STORED DATA below:

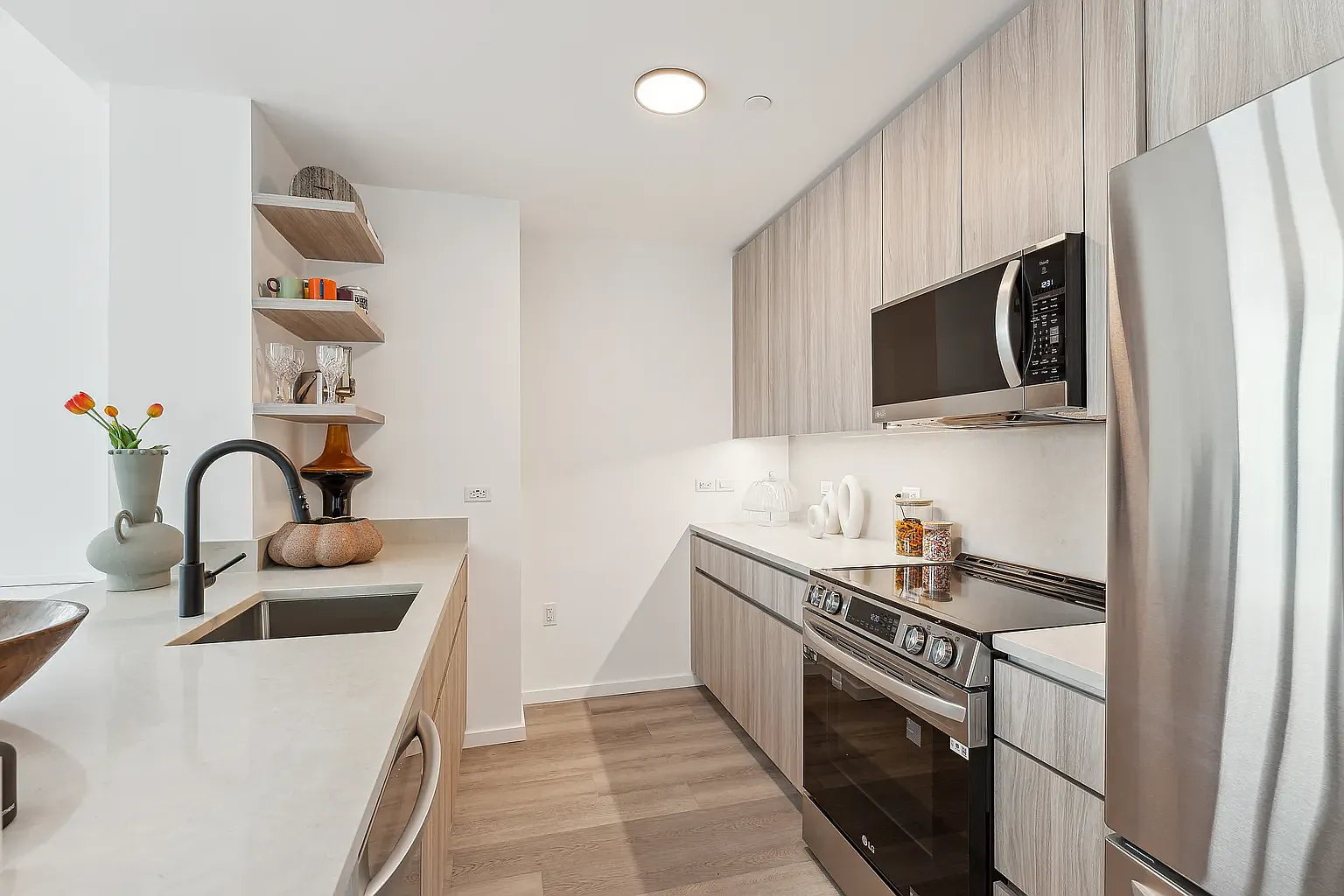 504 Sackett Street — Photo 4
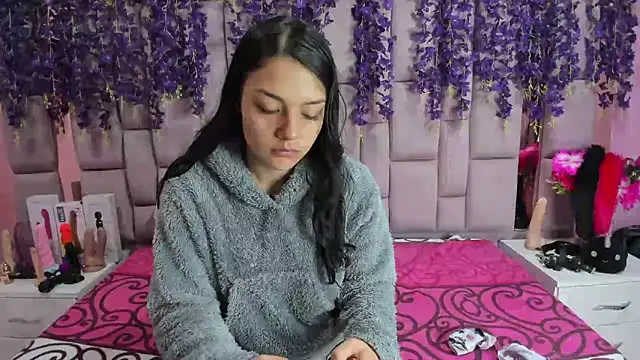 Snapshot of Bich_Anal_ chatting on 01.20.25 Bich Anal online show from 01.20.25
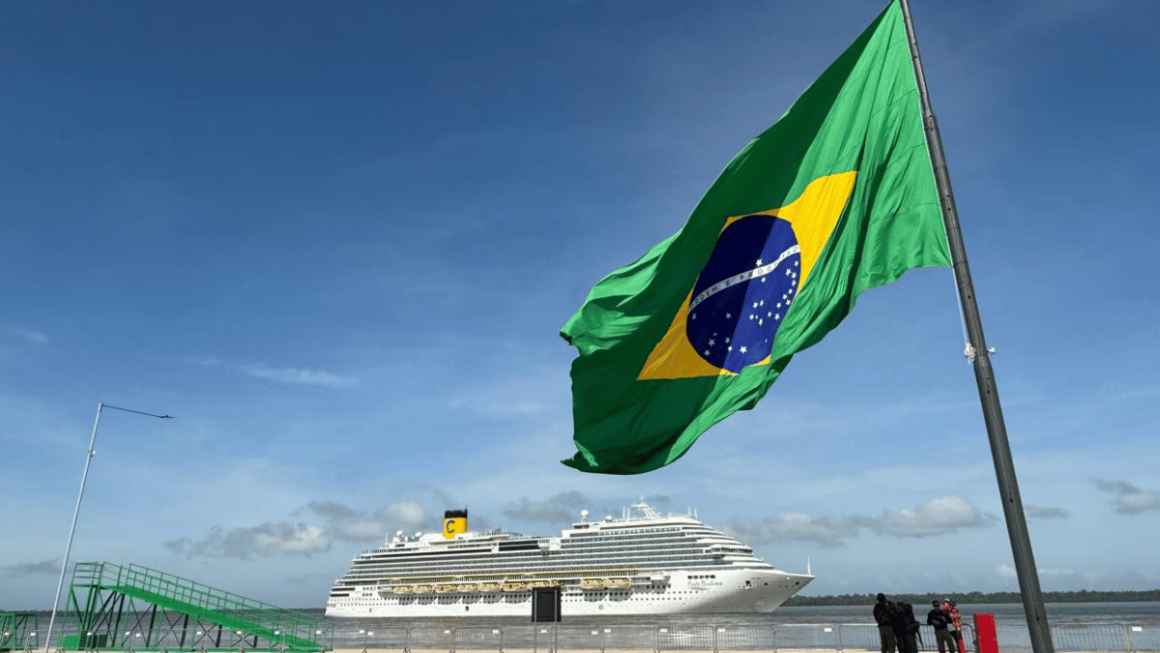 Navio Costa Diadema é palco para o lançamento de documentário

End of STORED DATA.

Set down word for word each line from the one containing "Snapshot of Bich_Anal_" through the end of the material, and keep the pictures out of it.

» **ANSWER BOX**
 Snapshot of Bich_Anal_ chatting on 01.20.25 Bich Anal online show from 01.20.25
 Navio Costa Diadema é palco para o lançamento de documentário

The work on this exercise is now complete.